I installed a new one piece toilet. I have lived in this house for 22 years and the old toilet did not have this problem. When I noticed the dripping sound after the new toilet was installed I listened all around the toilet and decided the drip sound was coming from the basement so I went down there and there was no water dripping anywhere. I am sure the noise is water dripping and hitting the bottom of the inside of the drain pipe where it takes a 90 degree turn about two feet below the subfloor. The dripping occurs when the toilet is being used and for a few minutes after it is flushed then it stops. The new toilet does not flush like a normal toilet with water swirling out from around the top of the rim - when the handling is pulled everything is just sucked out the hole with no water coming into the bowl. If I had known this I don't think I would have chosen this toilet as it doesn't "come clean" without the water rinse. Whether this flushing system is part of the issue I don't know.

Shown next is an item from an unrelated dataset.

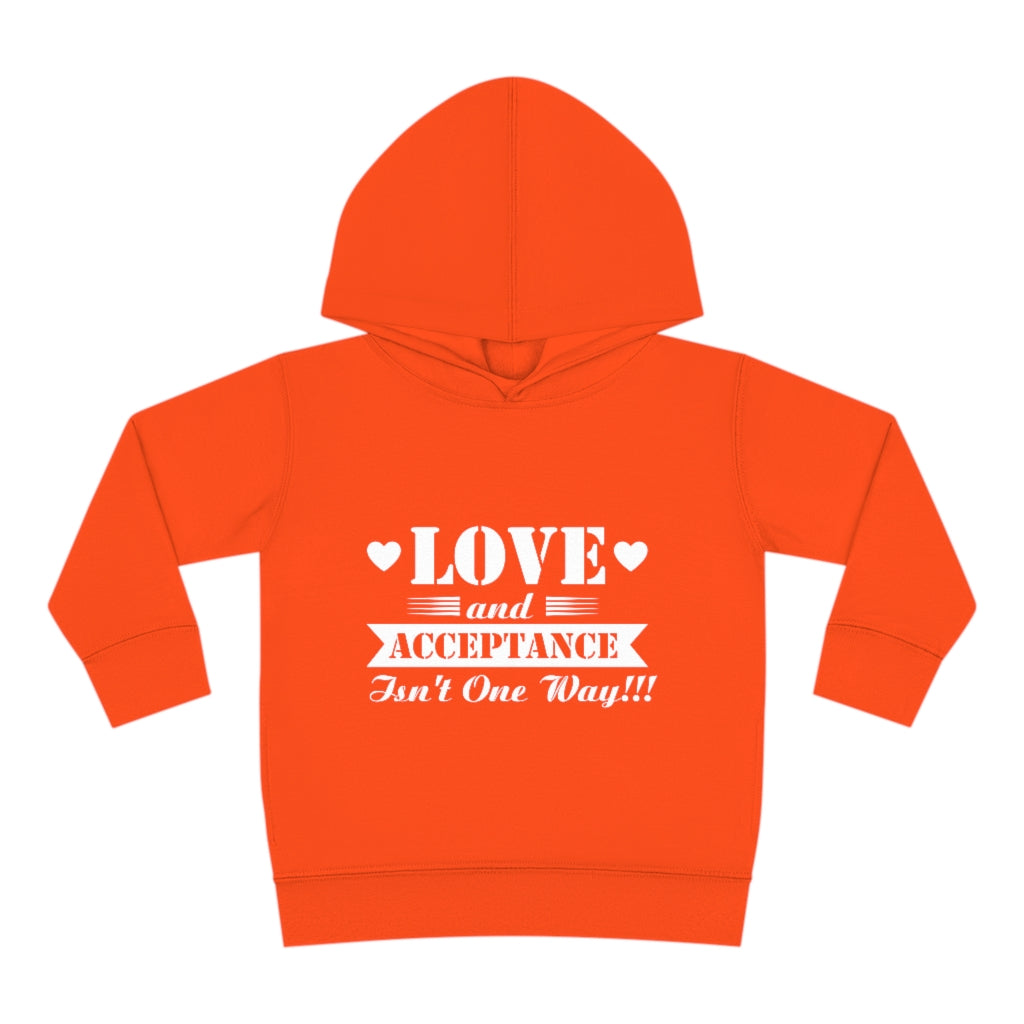 "Love And Acceptance Isn't One Way" Toddler Pullover Fleece Hoodie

There is nothing inside the tank that I can tell is causing this problem.

I am wondering if the toilet is seated properly on the wax ring.


----------



## rodkahn (Aug 13, 2012)

*I think I have this exact issue*

when u pee, u can hear a dripping noise, but there is no leak.

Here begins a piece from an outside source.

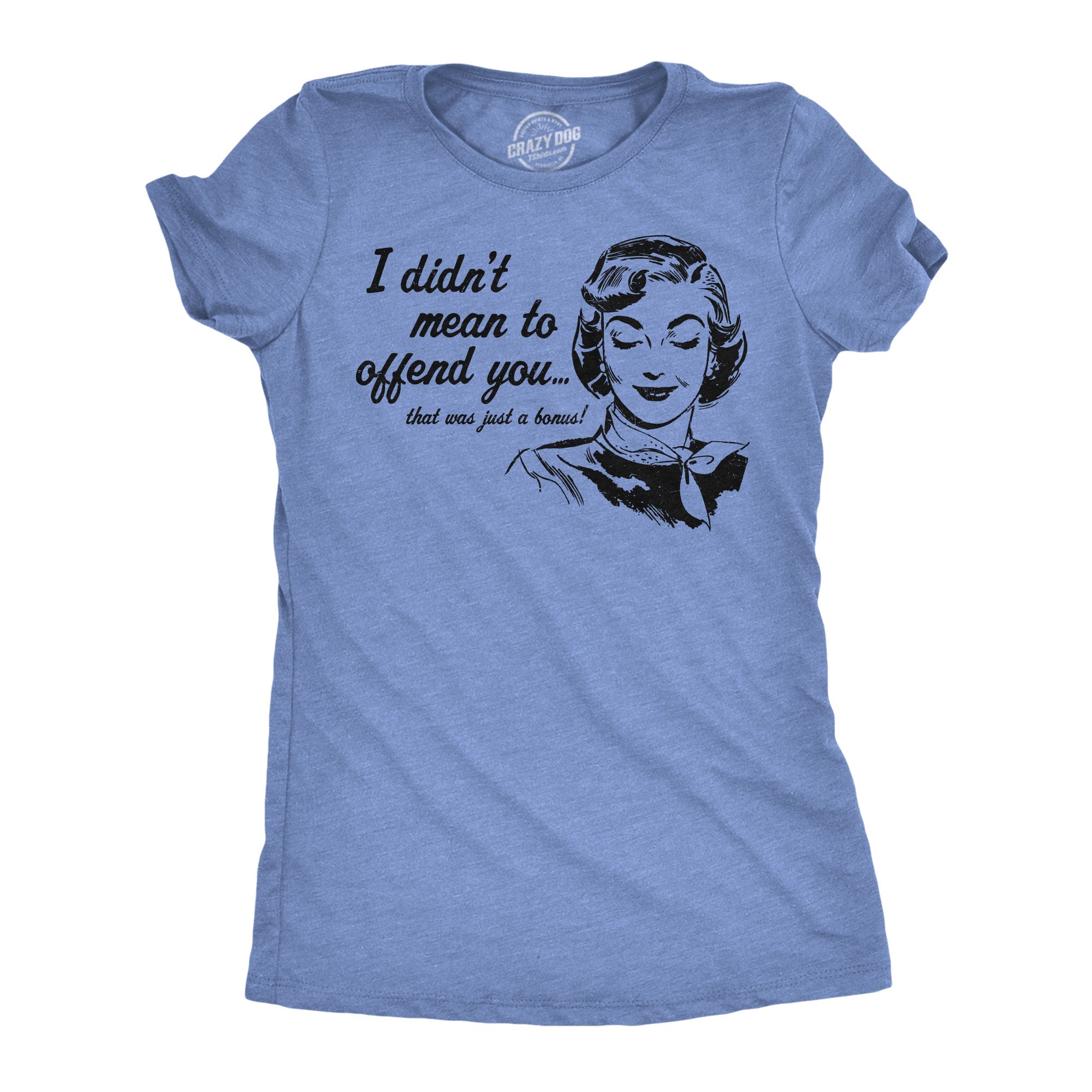 I Didnt Mean To Offend You Women's T Shirt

never experienced this before with any toilet.

I BET THE TOILET PIPE CONNECTION IS PLASTIC, DOING A 90 DEG TURN. WHEREAS BEFORE, IT WAS CAST IRON. 

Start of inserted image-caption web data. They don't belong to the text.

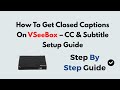 How To Get Closed Captions On vSeeBox – CC & Subtitle Setup Guide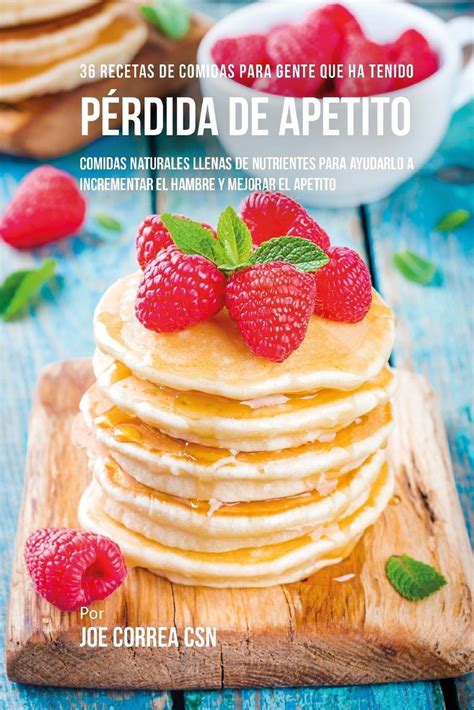 Buy 36 Recetas De Comidas Para Gente Que Ha Tenido Pérdida De Apetito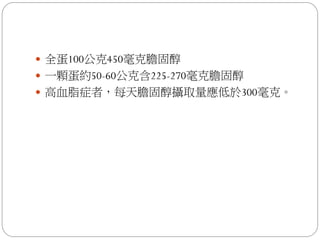  全蛋100公克450毫克膽固醇
 一顆蛋約50-60公克含225-270毫克膽固醇
 高血脂症者，每天膽固醇攝取量應低於300毫克。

http://www.terrylove.com/forums/archive/index.php/t-44352.html?

http://ths.gardenweb.com/forums/load/bath/msg0412571517927.html


----------



## tadair919 (Oct 27, 2013)

*I have the exact same problem*

Not related at all to accessorries like drain valve or flapper.

It has to do with the volume in the bowl. It only drips when you are using the toilet (#1 or #2). After you flush and volume retuns to normal it stops making a noise.

If anyone has any other ideas on how to fix it would be greatly appreciated.


----------



## tadair919 (Oct 27, 2013)

*posted this too hastily*

Rodkan's links posted above to a similar thread discuss the problem in good detail. I believe either lowering the fill line in the tank or if this was a recently installed toilet tell the plumber to fix it by leveling it perfectly I think. If it's not perfectly level that dripping can happen. (This info from one of the links above.)


----------



## Ghostmaker (Mar 2, 2013)

Insert some food dye into the tank. If any reaches the bowel then you have a flapper problem. This is without flushing and give it an hour.


----------